Ettore Rizza

Edward Snowden, histoire extraordinaire d’un héros ordinaire

Ettore Rizza Journaliste au Vif/L'Express

L’ancien agent de la CIA a révélé à la presse comment l’agence de sécurité américaine espionnait des millions d’internautes. Il a tout perdu dans l’aventure. Mais il ne regrette rien.

L’histoire d’Edward Snowden ressemble au scénario de La Firme, l’un des premiers thrillers à succès de John Grisham, que Sidney Pollack avait adapté au cinéma en 1993. Souvenez-vous : Mitch McDeere (Tom Cruise), un jeune avocat idéaliste, découvre que le cabinet pour lequel il travaille depuis peu couvre en réalité des activités mafieuses. Avec l’aide du FBI, il parvient à faire démanteler le réseau, perdant du coup son emploi et le confort qu’il lui procurait. Une nouvelle vie s’ouvrait à lui.
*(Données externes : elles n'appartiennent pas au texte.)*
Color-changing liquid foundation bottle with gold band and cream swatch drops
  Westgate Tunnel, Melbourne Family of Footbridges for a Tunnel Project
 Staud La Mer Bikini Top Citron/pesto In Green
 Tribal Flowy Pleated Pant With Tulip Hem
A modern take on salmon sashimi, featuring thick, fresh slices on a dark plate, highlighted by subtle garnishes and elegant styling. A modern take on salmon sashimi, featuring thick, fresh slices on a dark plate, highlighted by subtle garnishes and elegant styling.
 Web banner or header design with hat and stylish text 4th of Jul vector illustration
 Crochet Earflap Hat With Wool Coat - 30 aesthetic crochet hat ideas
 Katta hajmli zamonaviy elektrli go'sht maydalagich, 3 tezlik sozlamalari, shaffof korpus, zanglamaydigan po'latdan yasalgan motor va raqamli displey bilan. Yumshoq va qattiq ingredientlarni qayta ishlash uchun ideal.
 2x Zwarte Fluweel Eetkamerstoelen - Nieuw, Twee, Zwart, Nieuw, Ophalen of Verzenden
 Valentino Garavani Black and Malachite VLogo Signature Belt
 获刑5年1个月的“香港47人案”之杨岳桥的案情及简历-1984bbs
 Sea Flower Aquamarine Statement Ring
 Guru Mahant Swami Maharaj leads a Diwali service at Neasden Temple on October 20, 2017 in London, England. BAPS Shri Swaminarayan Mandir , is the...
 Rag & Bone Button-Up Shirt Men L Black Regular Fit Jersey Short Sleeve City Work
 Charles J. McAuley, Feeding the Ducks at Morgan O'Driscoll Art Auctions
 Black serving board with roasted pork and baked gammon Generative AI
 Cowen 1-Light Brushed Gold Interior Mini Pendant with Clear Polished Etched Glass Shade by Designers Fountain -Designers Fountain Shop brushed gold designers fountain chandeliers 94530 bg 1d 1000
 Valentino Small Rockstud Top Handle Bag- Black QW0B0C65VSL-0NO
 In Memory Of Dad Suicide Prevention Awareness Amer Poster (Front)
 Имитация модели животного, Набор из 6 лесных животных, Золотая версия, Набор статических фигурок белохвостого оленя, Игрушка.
L’histoire d’Edward Snowden ressemble au scénario de  » La Firme « , multiplié au carré. Le méchant, ici, n’est pas un petit cabinet d’avocats, mais la National Security Agency, l’une des plus puissantes et des plus secrètes agences gouvernementales américaines. Les malversations qui lui sont reprochées ne se limitent pas à du vulgaire blanchiment, mais à l’espionnage de millions d’internautes au travers de géants du net et des télécoms tels Facebook, Google, Apple ou Verizon : le très secret projet  » Prism « .

Comme Mitch McDeere, Edward Snowden a tout perdu dans l’aventure. A 29 ans, cet ancien employé de la NSA, qui a révélé la machination documents à l’appui au Washington Post et au Guardian britannique, a fait une croix sur un salaire d’environ 200 000 dollars par an (quelque 150 000 euros), ainsi que sur la vie paisible qu’il menait avec sa petite amie dans sa maison d’Hawaï. Depuis des semaines, il vit reclus dans un hôtel de Hong Kong, hanté par l’idée d’être espionné. Snowden connaît les méthodes de son ancien employeur. Il ne regrette pourtant rien :  » Je suis prêt à sacrifier tout cela parce que je ne peux pas, en bonne conscience, laisser le gouvernement américain détruire la vie privée, la liberté d’Internet et les libertés fondamentales des citoyens dans le monde « , a-t-il déclaré au Guardian . Loin d’adopter la posture du héros, Snowden se décrit comme un égoïste souhaitant vivre dans un monde où le mot  » vie privée  » signifie encore quelque chose.

Pour lui, et contrairement au personnage de Grisham, le gouvernement américain est un ennemi et non un allié. Ses seuls soutiens possibles sont la presse, l’opinion publique mondiale, voire les autorités chinoises, qui pourraient vouloir s’attacher cette source potentielle d’informations stratégiques.

On ne sait comment l’histoire finira, ni si la belle fable qui nous a été présentée jusqu’ici reflète la réalité. Mais on a vraiment, vraiment, envie d’y croire. Et de souhaiter un monde rempli d’Edward Snowden.